Providing the neighborhood bank with a Social Security number and a password is accepted by nearly all of us, but forking over a retina pattern or computerized fingerprint to an international credit card company might seem too Orwellian for comfort.

An effective customer educational program and a "user-friendly" system incorporating input from focus groups can help allay fears and misperceptions.

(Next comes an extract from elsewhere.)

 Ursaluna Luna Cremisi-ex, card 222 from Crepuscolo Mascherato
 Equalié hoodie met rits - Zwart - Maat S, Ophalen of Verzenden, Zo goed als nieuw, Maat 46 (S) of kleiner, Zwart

Before adopting biometrics, management should coordinate with counsel to determine what, if any, legal concerns are implicated by these new technologies. Although it is being used for governmental purposes, biometrics - as used by financial institutions - is based on private sector activities.

Whereas the consumer voluntarily consents to give identification information to a private sector institution, federal courts generally turn a blind eye.

Similarly, though traditional common-law privacy torts and state statutes might provide for some kind of consumer right in the biometric realm, such a conclusion seems speculative at best. Nonetheless, before embarking on biometrics, financial institutions would be well served to thoroughly research the relevant law.

In addition to teaching consumers about the benefits of biometrics, financial institutions might want to promise their customers that biometric identification information will be for the institution's use only and will not be given or sold to any third parties.

For example, language to this effect could be featured prominently in the customer's ATM or credit card agreement. Similarly, the institution could include an explanation of what identification information it might have to disclose to law enforcement, and under what circumstances.

As biometrics becomes more commonly used for personal identification in financial services, national and state policymakers, regulatory agencies, and the courts all will begin to identify potential problem areas with this new technology and issue comprehensive guidelines for biometric applications.

Financial services industry professionals can help this process from the start by taking a farsighted approach to biometrics as not just a mere technical and security issue, but as a public relations and legal concern as well.

Financial institutions are now eyeball to eyeball with a new, exciting technology that can improve customer service and reduce fraud. Now is not the time to blink.

Mr. Woodward is executive editor of Law and Policy in International Business Journal at Georgetown's Law Center.